• _Problem statement_
Transcribe the data in full and exactly, omitting any pictures.

• _Exercise data_
_____

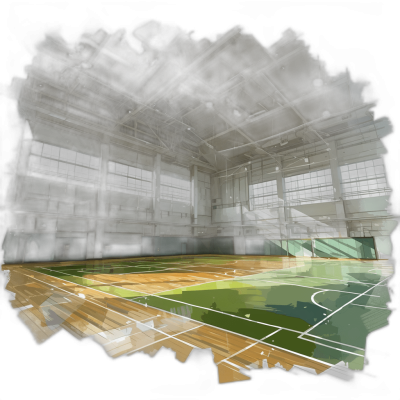 The school gymnasium's indoor basketball court has a green and white color scheme. Seen from a high angle with a fisheye lens, the empty court is depicted in a cartoon style reminiscent of Japanese anime with a simple dark background. The 3D rendered scene has a high resolution.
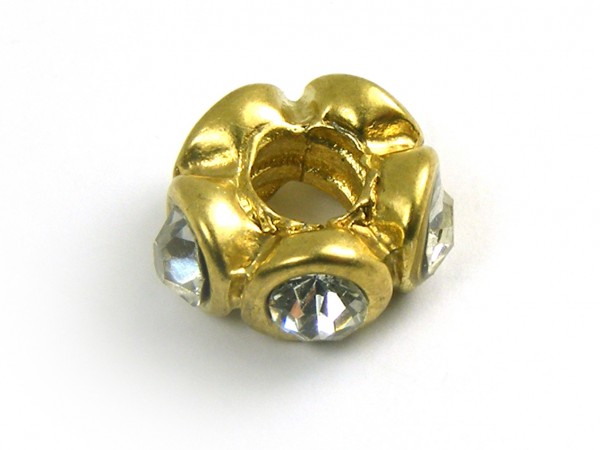 Strass Rondell, 15 mm, gold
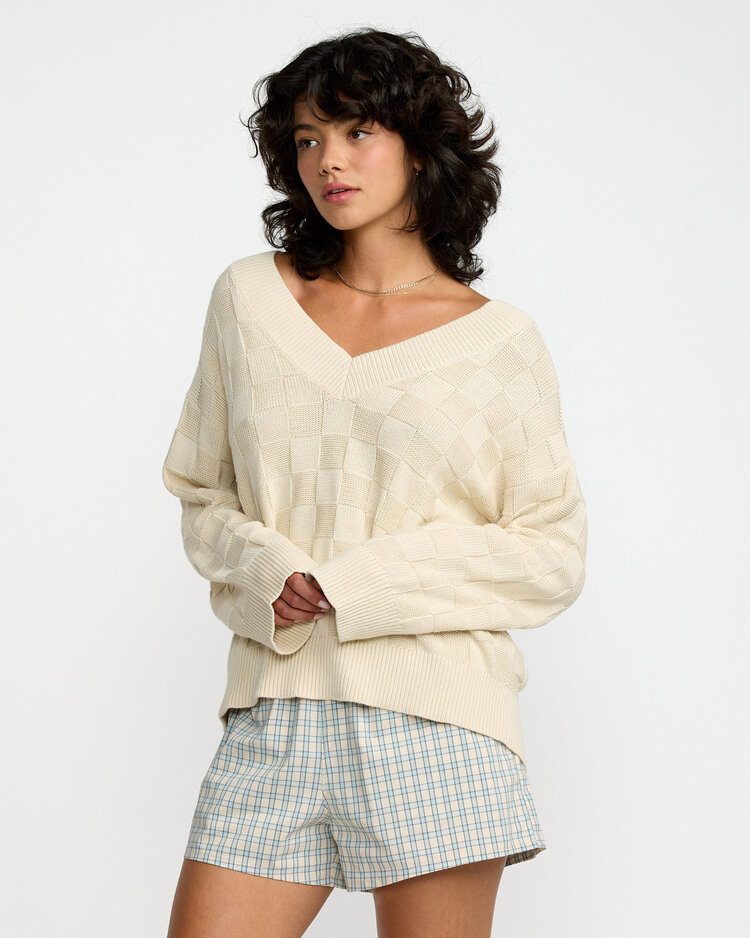RVCA Rvca Harmony V Neck Sweater (Womens) | Sand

_____

• _Completed task_
 The school gymnasium's indoor basketball court has a green and white color scheme. Seen from a high angle with a fisheye lens, the empty court is depicted in a cartoon style reminiscent of Japanese anime with a simple dark background. The 3D rendered scene has a high resolution.
 Strass Rondell, 15 mm, gold
RVCA Rvca Harmony V Neck Sweater (Womens) | Sand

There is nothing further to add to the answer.